While the plaintiffs in Cullors did not challenge the court's jurisdiction on the basis of Cerebral's citizenship, the court nonetheless implicitly relied on and accepted Cerebral's representation in denying the motion. This is because "[c]ourts have an independent obligation to determine whether subject-matter jurisdiction exists, even when no party challenges it." Hertz, 559 U.S. at 94, 130 S.Ct. 1181. Accordingly, when a federal court adjudicates a case on the basis of diversity of citizenship, it necessarily relies on and accepts the parties' representations as to their citizenship regardless of whether another party challenges those representations. For example, when a court denies a motion to dismiss for failure to state a claim in a case predicated on its diversity jurisdiction, the court is necessarily accepting and relying on the parties' representations of their citizenship as a predicate to its exercise of subject matter jurisdiction. And, in denying the motion to remand in Cullors, the court necessarily concluded, albeit implicitly, that the non-challenged jurisdictional prerequisites were satisfied, including diversity. By extension, permitting Cerebral to advance a different representation in this lawsuit would necessarily create the perception that the Cullors court was misled, as it would render false the prior representation that served as the basis for the Cullors court's determination that the minimum diversity requirement was satisfied. By the same token, if the Cullors court's assessment of its jurisdiction was grounded in a true representation, then this court's assessment of its own jurisdiction would necessarily be grounded in a false representation, which poses a direct threat to judicial integrity. The Court concludes that this factor is satisfied.
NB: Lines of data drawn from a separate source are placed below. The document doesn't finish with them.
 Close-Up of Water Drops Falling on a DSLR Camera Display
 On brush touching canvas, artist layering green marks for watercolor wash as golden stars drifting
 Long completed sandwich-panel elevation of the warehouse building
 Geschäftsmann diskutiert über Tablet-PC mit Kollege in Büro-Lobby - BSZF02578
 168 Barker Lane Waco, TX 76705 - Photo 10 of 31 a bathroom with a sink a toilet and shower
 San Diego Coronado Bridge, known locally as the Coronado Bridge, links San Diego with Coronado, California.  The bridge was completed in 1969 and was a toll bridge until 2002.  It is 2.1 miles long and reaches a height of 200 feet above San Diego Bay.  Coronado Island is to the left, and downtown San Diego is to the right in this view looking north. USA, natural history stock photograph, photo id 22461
3. Unfair Advantage or Detriment
"A party derives an unfair advantage from taking two contradictory positions if invoking the new position creates the 'possibility of [the party] prevailing on the very position it successfully discredited.' " Perez, 74 F.4th at 1009 (alteration in original) (quoting Spectrum Worldwide, 555 F.3d at 779-80). Plaintiffs argue that this factor is satisfied because Cerebral's new representation as to its citizenship amounts to "gamesmanship" wherein Cerebral seeks to select its own forum. ECF No. 10 at 10. Cerebral argues that allowing it to change its position would not "unfairly strengthen the merits of its case." ECF No. 16 at 13.
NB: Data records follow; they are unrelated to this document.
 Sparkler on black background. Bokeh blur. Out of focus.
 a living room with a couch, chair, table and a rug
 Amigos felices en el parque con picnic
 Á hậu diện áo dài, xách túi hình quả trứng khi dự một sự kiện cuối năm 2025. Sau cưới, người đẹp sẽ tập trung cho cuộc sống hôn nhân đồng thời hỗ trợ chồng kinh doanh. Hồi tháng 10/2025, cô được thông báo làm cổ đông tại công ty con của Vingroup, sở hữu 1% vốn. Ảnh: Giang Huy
There is no requirement in the caselaw that the advantage be related to the underlying merits of the case. Rather, the Supreme Court has emphasized that the consideration is whether the inconsistent position would "derive an unfair advantage or impose an unfair detriment," New Hampshire, 532 U.S. at 751, 121 S.Ct. 1808 (emphasis added), and the Ninth Circuit has considered this factor satisfied where "gaming of the courts . . . . would be unfair to" the opposing party in some material way. Accordingly, courts in this district have held that allowing a "clearly inconsistent position" that would "permit [defendants] to forum shop . . . constitutes an 'unfair advantage.' " Iglesias v. Welch Foods Inc., No. 17-cv-00219-TEH, 2017 WL 1227393, at *3 (N.D. Cal. Apr. 4, 2017) (quoting Galitski v. Samsung Telecomm'cns. Am., LLC, No. 8:CV-12-00903-CJC(JPRx), 2012 WL 12830000, at *3 (C.D. Cal. Nov. 21, 2012)). Here, Cerebral's position would allow it to supplant Plaintiffs' choice of forum with its own. This possibility falls squarely within the caselaw's definition of gamesmanship. Therefore, this factor is satisfied.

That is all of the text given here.